----- DATASET CONTENT
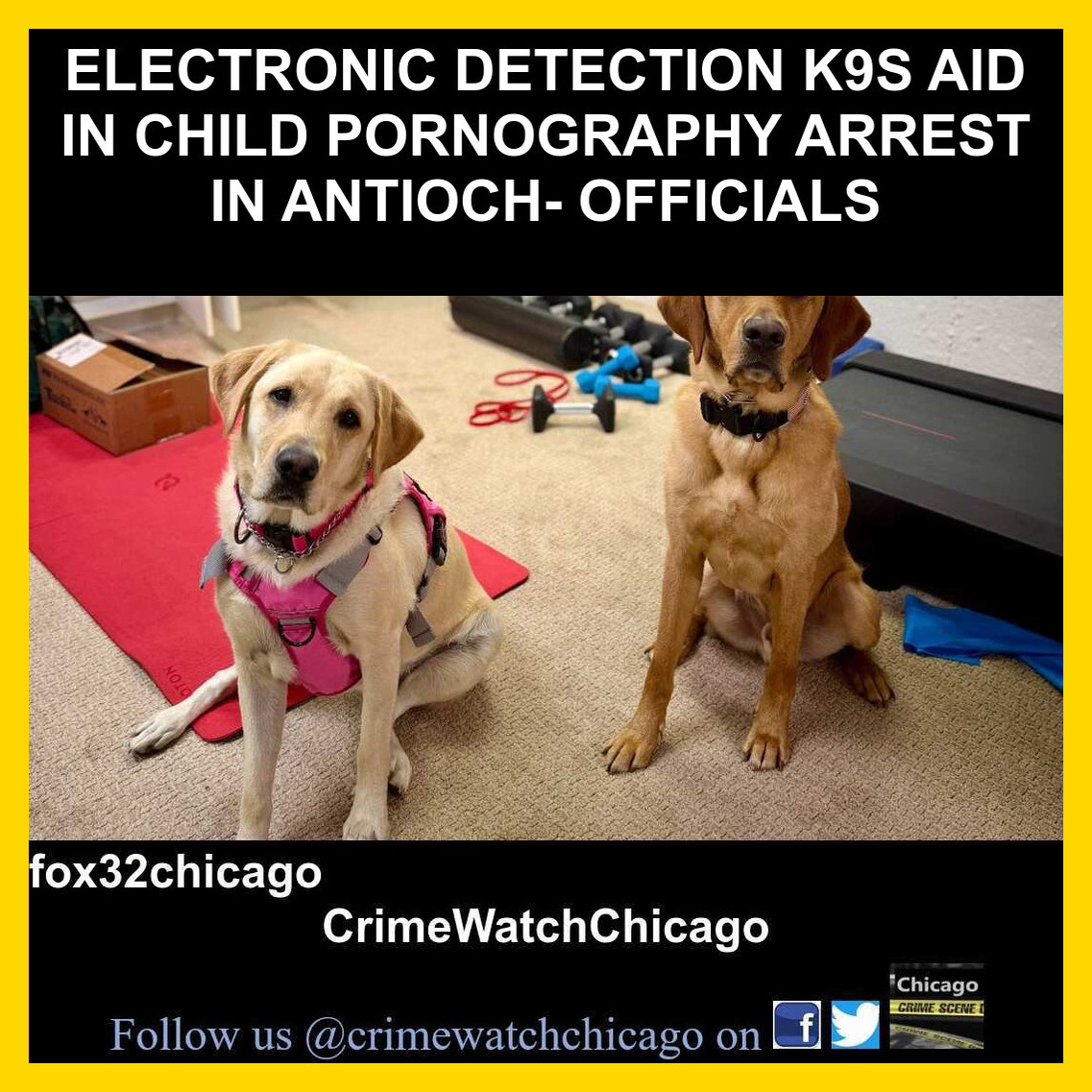 Crime-Watch-Chicago - The Brief Lake County Sheriffs Detectives traced ...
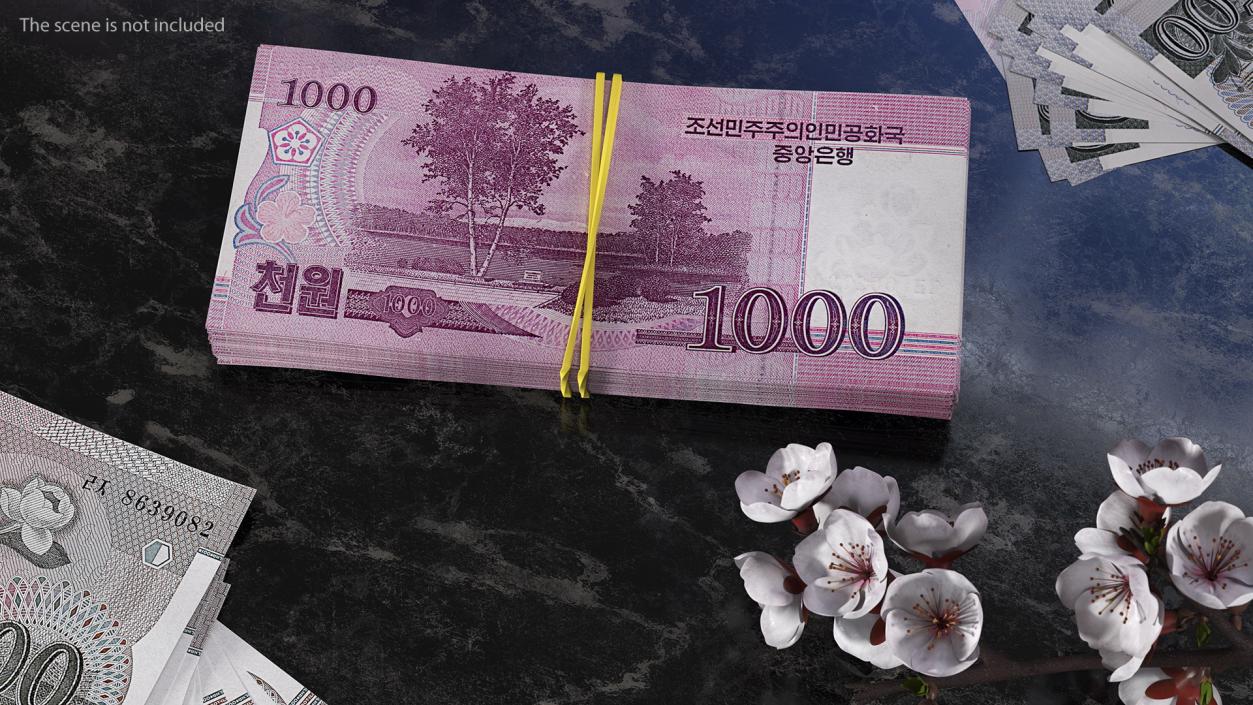 Stack of North Korea 1000 Won 3D model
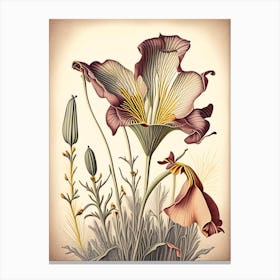 Desert Mariposa Lily Wildflower Vintage Botanical Canvas Print
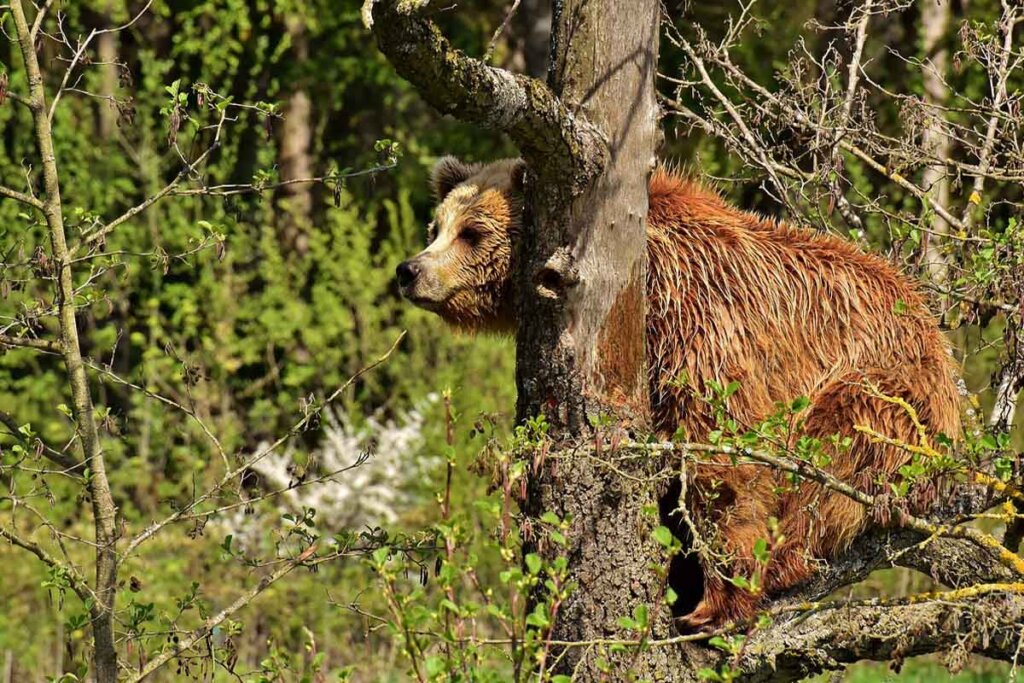 Ein brauner Baer sitzt auf einem Ast eines Baumes im Wald.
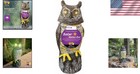 Realistic Plastic Owl With Frightening Sound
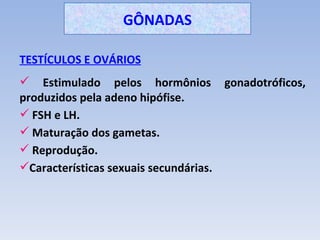 GÔNADAS

TESTÍCULOS E OVÁRIOS
 Estimulado pelos hormônios gonadotróficos,
produzidos pela adeno hipófise.
 FSH e LH.
 Maturação dos gametas.
 Reprodução.
Características sexuais secundárias.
----------
ACTIVITY:
Exactly the lines from the one with "Ein brauner Baer" through the end of the records should be written out, and only those. Pictures do not belong in the copy.

SOLUTION FOR THIS EXERCISE:
 Ein brauner Baer sitzt auf einem Ast eines Baumes im Wald.
 Realistic Plastic Owl With Frightening Sound
 GÔNADAS

TESTÍCULOS E OVÁRIOS
 Estimulado pelos hormônios gonadotróficos,
produzidos pela adeno hipófise.
 FSH e LH.
 Maturação dos gametas.
 Reprodução.
Características sexuais secundárias.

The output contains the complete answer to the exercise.